Bihar is set to go to the polls later this year. The Mithalanchal region of the State got special attention in the Budget. Key announcements include ₹11,500 crore of financial support for the Western Koshi Canal Extension, Renovation, and Modernisation (ERM) Project, and a new Makhana Board for foxnut farmers. The canal project, Ms. Sitharaman said, will benefit “farmers cultivating over 50,000 hectares of land in Bihar”.
The Makhana Board will “improve production, processing, value addition, and marketing” of foxnuts, the Finance Minister said. Mithila Makhana got a Geographical Indication (GI) tag in 2022, and 80% of India’s total makhana production is harvested in Bihar.

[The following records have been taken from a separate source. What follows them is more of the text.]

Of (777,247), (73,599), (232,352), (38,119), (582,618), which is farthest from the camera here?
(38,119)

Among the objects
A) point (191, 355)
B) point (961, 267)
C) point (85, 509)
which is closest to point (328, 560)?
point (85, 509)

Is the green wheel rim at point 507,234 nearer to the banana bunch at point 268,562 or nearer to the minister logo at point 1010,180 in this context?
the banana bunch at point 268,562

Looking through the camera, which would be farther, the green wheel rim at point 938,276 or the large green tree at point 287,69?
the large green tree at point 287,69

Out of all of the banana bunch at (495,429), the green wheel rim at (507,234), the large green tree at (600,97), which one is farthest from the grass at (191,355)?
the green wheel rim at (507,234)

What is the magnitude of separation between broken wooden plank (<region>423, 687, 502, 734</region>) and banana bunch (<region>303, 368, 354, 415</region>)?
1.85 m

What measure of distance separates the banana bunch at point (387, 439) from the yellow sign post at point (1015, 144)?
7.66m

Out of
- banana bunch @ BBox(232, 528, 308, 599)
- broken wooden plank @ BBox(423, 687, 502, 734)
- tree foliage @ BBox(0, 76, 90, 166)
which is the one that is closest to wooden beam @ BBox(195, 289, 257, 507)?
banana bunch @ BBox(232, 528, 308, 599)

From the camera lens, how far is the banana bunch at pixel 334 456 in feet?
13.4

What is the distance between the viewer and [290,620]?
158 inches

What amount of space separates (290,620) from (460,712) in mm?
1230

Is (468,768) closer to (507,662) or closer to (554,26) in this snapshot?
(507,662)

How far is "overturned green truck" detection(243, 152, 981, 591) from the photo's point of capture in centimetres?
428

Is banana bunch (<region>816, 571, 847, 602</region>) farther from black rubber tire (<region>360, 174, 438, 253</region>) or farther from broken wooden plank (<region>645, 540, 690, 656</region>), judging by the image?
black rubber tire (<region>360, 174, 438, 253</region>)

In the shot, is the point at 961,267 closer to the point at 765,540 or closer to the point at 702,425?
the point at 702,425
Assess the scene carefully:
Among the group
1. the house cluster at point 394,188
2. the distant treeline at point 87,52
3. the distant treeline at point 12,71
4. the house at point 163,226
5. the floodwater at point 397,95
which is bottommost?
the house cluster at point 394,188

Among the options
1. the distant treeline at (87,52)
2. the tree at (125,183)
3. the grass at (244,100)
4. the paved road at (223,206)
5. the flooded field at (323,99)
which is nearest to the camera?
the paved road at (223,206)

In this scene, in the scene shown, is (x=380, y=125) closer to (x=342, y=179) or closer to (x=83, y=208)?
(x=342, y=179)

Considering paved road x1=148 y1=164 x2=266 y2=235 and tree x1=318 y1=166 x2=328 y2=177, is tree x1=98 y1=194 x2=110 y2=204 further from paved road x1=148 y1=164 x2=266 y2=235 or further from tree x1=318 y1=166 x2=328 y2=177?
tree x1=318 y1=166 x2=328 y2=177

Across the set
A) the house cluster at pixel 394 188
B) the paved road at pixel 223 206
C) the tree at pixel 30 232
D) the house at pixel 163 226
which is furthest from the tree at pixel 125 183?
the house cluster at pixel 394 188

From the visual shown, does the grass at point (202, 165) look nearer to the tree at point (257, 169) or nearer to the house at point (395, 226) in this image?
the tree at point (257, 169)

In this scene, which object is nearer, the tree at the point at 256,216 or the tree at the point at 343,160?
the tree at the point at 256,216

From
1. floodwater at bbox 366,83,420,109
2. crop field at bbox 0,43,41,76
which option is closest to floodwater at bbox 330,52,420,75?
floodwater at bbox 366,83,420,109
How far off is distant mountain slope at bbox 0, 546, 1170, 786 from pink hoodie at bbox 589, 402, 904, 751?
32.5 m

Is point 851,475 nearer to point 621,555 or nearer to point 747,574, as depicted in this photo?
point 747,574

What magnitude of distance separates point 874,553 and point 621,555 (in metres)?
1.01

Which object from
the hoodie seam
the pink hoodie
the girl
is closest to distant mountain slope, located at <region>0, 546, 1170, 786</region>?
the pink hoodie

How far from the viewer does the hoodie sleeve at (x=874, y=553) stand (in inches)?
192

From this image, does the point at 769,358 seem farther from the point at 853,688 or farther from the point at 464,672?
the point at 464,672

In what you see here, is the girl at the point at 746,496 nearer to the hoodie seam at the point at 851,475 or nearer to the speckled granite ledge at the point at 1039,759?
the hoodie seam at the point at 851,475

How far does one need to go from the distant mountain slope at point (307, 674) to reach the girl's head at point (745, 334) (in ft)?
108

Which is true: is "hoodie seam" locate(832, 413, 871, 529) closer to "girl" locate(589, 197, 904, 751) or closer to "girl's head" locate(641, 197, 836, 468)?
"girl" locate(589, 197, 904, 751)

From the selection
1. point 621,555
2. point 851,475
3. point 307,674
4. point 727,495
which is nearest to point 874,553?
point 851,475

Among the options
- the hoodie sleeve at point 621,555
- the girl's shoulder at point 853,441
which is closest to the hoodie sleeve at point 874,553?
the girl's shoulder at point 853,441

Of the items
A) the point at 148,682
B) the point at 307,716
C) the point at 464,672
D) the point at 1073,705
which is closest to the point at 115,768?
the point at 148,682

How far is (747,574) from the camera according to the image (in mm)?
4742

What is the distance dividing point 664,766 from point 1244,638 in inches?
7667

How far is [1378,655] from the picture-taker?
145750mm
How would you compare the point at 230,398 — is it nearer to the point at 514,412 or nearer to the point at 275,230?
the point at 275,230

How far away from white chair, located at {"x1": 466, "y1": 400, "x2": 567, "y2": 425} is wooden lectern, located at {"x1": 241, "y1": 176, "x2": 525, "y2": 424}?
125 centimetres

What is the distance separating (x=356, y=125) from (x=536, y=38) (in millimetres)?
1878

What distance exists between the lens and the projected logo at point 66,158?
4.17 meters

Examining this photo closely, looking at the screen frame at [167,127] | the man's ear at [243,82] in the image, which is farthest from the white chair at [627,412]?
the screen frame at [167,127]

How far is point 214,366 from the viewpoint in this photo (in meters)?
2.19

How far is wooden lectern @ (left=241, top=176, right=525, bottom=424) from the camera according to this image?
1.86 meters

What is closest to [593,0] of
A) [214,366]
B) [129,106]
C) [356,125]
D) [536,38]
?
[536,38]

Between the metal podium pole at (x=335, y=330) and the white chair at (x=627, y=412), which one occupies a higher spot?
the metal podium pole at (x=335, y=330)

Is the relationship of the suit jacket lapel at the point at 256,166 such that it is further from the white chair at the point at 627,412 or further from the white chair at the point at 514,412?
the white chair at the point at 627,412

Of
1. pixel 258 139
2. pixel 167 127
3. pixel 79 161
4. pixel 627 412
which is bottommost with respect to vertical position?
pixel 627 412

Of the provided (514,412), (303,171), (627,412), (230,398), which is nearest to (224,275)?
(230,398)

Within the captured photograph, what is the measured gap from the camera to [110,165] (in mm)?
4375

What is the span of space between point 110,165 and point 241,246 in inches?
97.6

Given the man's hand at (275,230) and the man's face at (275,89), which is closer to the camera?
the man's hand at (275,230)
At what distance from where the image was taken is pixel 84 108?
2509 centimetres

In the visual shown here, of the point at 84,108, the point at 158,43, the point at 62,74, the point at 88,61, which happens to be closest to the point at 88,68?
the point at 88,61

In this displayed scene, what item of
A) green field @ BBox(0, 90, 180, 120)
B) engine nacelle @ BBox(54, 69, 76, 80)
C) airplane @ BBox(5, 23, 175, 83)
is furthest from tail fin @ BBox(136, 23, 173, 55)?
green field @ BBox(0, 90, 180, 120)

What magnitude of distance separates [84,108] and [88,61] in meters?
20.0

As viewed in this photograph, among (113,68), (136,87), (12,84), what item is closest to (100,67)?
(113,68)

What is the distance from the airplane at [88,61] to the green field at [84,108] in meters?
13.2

The move is likely to benefit over five lakh farmers in the region, especially in the districts of Darbhanga, Madhubani, Sitamarhi, Saharsa, Katihar, Purnia, Kishanganj, Araria, Supaul, and Madhepura. Foxnut farmers are predominantly from extremely backward classes, a group that the RJD has been actively trying to woo.
Aviation is another sector set to get a boost in Bihar. “Greenfield airports will be facilitated in Bihar to meet the future needs of the State. These will be in addition to the expansion of the capacity of Patna airport and a brownfield airport at Bihta,” Ms. Sitharaman said, though no specifics were shared on where the new airports will be located.
“An additional allocation to support capital investments will be provided. The requests of the Bihar government for external assistance from multilateral development banks will be expedited,” Ms. Sitharaman said. Under the Union government’s Purvodaya initiative to develop eastern India, a National Institute of Food Technology, Entrepreneurship, and Management will be established in Bihar. The Budget promises an expansion of hostel and other infrastructure facilities at the Indian Institute of Technology, Patna.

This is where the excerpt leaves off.